In fact, most of these methods were successful predictors in spite of their complicated underpinnings. The google searches took into account searches for variations of “vote,” which worked as a kind of reliable predictor but belied the complicated web of naturalistic search terms (which I alluded to in an earlier post about the natural development of hashtags, as explained by Rami Khater of Al Jezeera’s The Stream, a social network generated newscast). I was a real-world example of this methodological complication. Before I went to vote, I googled “sample ballot.” Similar intent, but I wouldn’t have been caught in the analyst’s net.

If you look deeper at the Sentiment Analysis tools that allow you to view the specific tweets that comprise their categorizations, you will quickly see that, although the overall trends were in fact predictive of the election results, the data coding was messy, because language is messy.

And the victorious predictive ability of traditional polling methods belies the complicated nature of interviewing as a data collection technique. Survey methodologists work hard to standardize research interviews in order to maximize the reliability of the interviews. Sometimes these interviews are standardized to the point of recording. Sometimes the interviews are so scripted that interviewers are not allowed to clarify questions, only to repeat them. Critiques of this kind of standardization are common in survey methodology, most notably from Nora Cate Schaeffer, who has raised many important considerations within the survey methodology community while still strongly supporting the importance of interviewing as a methodological tool. My reading assignment for my ethnography class this week is a chapter by Charles Briggs from 1986 (Briggs – Learning how to ask) that proves that many of the new methodological critiques are in fact old methodological critiques. But the critiques are rarely heeded, because they are difficult to apply.

I am currently working on a project that demonstrates some of the problems with standardizing interviews. I am revising a script we used to call a representative sample of U.S. high schools. The script was last used four years ago in a highly successful effort that led to an admirable 98% response rate. But to my surprise, when I went to pull up the old script I found instead a system of scripts. What was an online and phone survey had spawned fax and e-mail versions. What was intended to be a survey of principals now had a set of potential respondents from the schools, each with their own strengths and weaknesses. Answers to common questions from school staff were loosely scripted on an addendum to the original script. A set of tips for phonecallers included points such as “make sure to catch the name of the person who transfers you, so that you can specifically say that Ms X from the office suggested I talk to you” and “If you get transferred to the teacher, make sure you are not talking to the whole class over the loudspeaker.”

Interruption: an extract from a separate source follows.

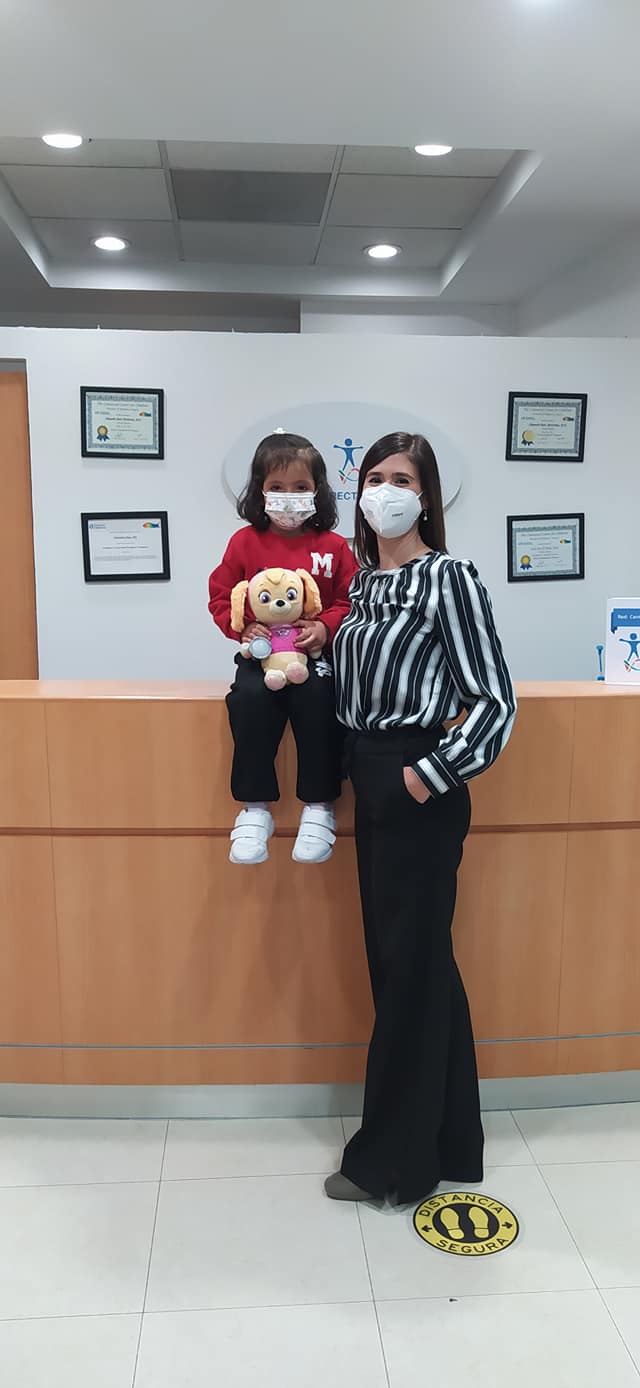 Testimonio de niña con atresia de colon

Heidi Hamilton, chair of the Georgetown Linguistics department, often refers to conversation as “climbing a tree that climbs back.” In fact, we often talk about meaning as mutually constituted between all of the participants in a conversation. The conversation itself cannot be taken outside of the context in which it lives. The many documents I found from the phonecallers show just how relevant these observations can be in an applied research environment.

The big question that arises from all of this is one of a practical strategy. In particular, I had to figure out how to best address the interview campaign that we had actually run when preparing to rerun the campaign we had intended to run. My solution was to integrate the feedback from the phonecallers and loosen up the script. But I suspect that this tactic will work differently with different phonecallers. I’ve certainly worked with a variety of phonecallers, from those that preferred a script to those that preferred to talk off the cuff. Which makes the best phonecaller? Neither. Both. The ideal phonecaller works with the situation that is presented to them nimbly and professionally while collecting complete and relevant data from the most reliable source. As much of the time as possible.

At this point, I’ve come pretty far afield of my original point, which is that all of these competing predictive strategies have complicated underpinnings.

And what of that?

I believe that the best research is conscious of its strengths and weaknesses and not afraid to work with other strategies in order to generate the most comprehensive picture. As we see comparisons and horse races develop between analytic strategies, I think the best analyses we’ll see will be the ones that fit the results of each of the strategies together, simultaneously developing a fuller breakdown of the election and a fuller picture of our new research environment.

Posted in big data, commentary, data, ethnography of communication, event, outside story, research, research methodology, social media, sociolinguistics, survey methodology
Tagged commentary, data, data analysis, design, discourse analysis, facebook, linguistics, linguistics in action, Natural Language Processing, qualitative, quantitative, research methodology, sentiment analysis, social media analysis, text analysis, text analytics, twitter
1 Comment

October 1, 2012

Notes on the Past, Present and Future of Survey Methodology from #dcaapor

I had wanted to write these notes up into paragraphs, but I think the notes will be more timely, relevant and readable if I share them as they are. This was a really great conference- very relevant and timely- based on a really great issue of Public Opinion Quarterly. As I was reminded at the DC African Festival (a great festival, lots of fun, highly recommended) on Saturday, “In order to understand the future you must embrace the past.”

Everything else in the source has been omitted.